Il razzismo non è solo spregevole da un punto di vista etico, ma è anche una manifestazione di pseudoscienza e di biologia distorta. Se si conosce la storia dell’homo sapiens, se si analizzano (paragonando il dna di persone di tutti i continenti e di tutti i paesi) gli innumerevoli incroci di tutti gli antenati umani in seguito alla diffusione nel mondo dall’Africa, si capisce che quello che i nostri occhi considerano come razza (il colore dei capelli o della pelle, la forma del naso, le dimensioni del corpo o il tipo di occhi) sono variazioni insignificanti in un meticciato così vasto che a volte è possibile trovare un africano e un norvegese (per fare un paragone con un paese amato da Trump) più simili geneticamente di quanto non lo siano due norvegesi.
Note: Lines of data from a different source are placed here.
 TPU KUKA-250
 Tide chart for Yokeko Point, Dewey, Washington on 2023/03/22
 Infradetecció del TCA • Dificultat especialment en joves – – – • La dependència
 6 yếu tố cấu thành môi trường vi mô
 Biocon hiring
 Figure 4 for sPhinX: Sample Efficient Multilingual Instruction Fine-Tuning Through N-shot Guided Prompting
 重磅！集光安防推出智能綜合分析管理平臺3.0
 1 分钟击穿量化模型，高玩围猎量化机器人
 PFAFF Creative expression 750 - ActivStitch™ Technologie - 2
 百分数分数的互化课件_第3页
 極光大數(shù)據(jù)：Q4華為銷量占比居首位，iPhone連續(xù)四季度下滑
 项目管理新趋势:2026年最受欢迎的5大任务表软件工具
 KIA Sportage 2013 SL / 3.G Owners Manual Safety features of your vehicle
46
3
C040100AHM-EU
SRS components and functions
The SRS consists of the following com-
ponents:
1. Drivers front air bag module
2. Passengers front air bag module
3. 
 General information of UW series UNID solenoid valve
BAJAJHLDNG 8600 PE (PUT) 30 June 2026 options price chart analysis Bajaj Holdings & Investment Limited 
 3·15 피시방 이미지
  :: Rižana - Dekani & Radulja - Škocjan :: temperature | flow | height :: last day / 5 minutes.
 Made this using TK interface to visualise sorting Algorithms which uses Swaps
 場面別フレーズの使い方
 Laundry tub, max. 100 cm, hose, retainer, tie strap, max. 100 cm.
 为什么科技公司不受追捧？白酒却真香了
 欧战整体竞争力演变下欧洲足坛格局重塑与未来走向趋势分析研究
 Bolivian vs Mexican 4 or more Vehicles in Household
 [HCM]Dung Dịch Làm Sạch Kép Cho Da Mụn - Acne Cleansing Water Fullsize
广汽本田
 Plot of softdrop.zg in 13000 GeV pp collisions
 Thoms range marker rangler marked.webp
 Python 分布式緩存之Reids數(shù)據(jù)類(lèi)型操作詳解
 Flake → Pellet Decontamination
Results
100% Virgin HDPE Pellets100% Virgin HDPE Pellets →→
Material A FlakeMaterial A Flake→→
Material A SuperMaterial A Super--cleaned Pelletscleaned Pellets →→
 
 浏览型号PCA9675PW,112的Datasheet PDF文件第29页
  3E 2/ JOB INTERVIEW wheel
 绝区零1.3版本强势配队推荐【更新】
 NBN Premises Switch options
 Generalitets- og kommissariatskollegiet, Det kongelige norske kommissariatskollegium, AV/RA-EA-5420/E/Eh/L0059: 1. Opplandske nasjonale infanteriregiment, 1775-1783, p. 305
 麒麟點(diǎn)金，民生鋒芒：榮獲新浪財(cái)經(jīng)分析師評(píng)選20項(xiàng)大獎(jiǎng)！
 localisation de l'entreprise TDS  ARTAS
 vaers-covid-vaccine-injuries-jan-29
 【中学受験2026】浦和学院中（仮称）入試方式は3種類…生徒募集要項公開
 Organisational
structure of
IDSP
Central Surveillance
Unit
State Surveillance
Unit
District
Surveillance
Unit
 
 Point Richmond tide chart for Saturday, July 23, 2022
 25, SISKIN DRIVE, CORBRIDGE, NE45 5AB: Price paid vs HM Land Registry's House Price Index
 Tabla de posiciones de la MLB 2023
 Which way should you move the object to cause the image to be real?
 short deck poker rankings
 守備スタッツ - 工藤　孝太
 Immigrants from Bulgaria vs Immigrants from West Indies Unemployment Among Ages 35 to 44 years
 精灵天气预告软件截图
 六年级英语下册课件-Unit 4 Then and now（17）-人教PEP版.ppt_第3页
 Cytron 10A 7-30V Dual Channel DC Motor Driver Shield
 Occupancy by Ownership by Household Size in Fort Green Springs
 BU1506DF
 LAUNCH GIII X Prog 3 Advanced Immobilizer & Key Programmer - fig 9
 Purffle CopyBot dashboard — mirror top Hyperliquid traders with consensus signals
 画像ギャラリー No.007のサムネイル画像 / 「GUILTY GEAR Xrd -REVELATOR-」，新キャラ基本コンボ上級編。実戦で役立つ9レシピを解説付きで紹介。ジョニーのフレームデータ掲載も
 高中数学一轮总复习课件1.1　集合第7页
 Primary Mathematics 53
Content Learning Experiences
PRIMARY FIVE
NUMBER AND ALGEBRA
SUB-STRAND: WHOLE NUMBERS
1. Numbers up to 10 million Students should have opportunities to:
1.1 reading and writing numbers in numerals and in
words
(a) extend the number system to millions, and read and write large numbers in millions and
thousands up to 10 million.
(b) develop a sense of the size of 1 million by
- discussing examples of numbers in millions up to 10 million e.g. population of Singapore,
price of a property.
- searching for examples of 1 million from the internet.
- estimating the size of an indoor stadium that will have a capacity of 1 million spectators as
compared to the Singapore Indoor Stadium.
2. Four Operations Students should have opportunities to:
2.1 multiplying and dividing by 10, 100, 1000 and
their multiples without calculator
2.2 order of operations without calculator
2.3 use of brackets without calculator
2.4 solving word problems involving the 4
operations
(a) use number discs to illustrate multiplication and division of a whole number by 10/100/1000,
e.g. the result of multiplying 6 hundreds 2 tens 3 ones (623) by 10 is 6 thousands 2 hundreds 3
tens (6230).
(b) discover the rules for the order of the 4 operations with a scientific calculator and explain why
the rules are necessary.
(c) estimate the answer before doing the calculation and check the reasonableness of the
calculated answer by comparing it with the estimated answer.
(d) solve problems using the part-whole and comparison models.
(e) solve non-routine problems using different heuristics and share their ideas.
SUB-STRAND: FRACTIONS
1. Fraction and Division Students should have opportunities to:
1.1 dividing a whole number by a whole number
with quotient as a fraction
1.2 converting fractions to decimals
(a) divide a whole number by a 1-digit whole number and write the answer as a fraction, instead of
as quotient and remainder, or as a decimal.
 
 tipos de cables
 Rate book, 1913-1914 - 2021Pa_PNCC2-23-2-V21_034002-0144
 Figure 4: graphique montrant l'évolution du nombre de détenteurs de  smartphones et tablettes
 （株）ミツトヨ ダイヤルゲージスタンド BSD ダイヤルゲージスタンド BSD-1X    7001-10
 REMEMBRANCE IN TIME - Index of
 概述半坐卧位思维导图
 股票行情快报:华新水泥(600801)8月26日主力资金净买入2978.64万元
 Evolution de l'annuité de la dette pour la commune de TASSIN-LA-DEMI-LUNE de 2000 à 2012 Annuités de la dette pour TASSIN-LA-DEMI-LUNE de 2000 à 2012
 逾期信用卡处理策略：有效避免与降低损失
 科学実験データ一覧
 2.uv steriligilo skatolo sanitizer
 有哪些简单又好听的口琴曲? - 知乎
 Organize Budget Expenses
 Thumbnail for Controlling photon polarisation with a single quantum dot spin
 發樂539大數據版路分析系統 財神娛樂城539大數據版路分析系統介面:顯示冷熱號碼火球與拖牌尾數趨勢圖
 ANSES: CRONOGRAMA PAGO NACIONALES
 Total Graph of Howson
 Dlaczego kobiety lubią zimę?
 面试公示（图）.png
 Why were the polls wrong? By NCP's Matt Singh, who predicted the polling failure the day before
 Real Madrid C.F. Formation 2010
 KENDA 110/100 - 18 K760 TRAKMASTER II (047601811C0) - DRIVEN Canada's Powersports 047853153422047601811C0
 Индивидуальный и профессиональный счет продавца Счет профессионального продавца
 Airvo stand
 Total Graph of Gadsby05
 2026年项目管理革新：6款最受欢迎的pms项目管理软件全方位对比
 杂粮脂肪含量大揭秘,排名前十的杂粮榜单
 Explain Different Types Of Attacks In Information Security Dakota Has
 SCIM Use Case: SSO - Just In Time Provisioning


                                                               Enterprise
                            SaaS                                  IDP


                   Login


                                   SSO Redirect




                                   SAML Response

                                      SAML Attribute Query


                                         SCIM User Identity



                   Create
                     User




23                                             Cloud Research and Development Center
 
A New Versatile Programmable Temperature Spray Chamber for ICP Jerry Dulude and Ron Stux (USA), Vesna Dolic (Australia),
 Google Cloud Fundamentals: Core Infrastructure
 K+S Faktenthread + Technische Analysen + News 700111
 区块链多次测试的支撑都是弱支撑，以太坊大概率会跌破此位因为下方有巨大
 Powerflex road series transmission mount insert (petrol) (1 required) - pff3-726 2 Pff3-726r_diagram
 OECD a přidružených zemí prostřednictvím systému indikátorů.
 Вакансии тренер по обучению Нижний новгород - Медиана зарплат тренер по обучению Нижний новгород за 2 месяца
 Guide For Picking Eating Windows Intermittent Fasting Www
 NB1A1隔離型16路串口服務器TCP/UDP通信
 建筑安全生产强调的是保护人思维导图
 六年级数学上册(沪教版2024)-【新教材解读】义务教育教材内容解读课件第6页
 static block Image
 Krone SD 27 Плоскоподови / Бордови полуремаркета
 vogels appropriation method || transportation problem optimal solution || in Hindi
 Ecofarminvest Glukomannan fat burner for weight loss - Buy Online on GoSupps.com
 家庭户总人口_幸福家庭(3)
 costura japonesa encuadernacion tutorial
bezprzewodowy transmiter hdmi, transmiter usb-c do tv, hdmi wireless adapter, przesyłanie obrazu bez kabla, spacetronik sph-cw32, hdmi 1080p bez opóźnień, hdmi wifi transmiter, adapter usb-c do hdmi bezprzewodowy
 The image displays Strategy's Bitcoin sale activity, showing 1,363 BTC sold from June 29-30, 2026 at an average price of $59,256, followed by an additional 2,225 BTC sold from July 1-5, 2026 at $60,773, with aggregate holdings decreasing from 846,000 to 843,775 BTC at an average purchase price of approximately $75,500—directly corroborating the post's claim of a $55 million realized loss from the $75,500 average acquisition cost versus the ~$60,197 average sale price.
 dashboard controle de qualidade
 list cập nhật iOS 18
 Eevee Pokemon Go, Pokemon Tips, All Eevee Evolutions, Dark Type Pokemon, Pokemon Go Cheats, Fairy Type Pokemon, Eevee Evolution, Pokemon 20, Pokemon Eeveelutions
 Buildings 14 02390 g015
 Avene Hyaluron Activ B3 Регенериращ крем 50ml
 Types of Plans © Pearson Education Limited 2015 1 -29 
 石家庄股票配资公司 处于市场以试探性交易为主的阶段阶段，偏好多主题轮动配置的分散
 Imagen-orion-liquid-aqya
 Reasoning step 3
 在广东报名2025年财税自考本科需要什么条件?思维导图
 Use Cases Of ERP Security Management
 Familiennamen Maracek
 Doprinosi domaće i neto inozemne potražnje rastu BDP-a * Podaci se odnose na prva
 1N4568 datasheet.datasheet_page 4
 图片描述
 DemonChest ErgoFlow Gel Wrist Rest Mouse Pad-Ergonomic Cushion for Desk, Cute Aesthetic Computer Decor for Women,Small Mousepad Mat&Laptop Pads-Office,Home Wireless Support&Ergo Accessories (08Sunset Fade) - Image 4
La cosa brutta è che la bassezza morale e l’ignoranza di Trump fanno rivivere in milioni di persone i peggiori pregiudizi e le infamie peggiori di cui la nostra specie è capace. Attonito, il mondo intero si rende conto della disgrazia che comporta avere un essere così volgare come leader del paese più potente del mondo.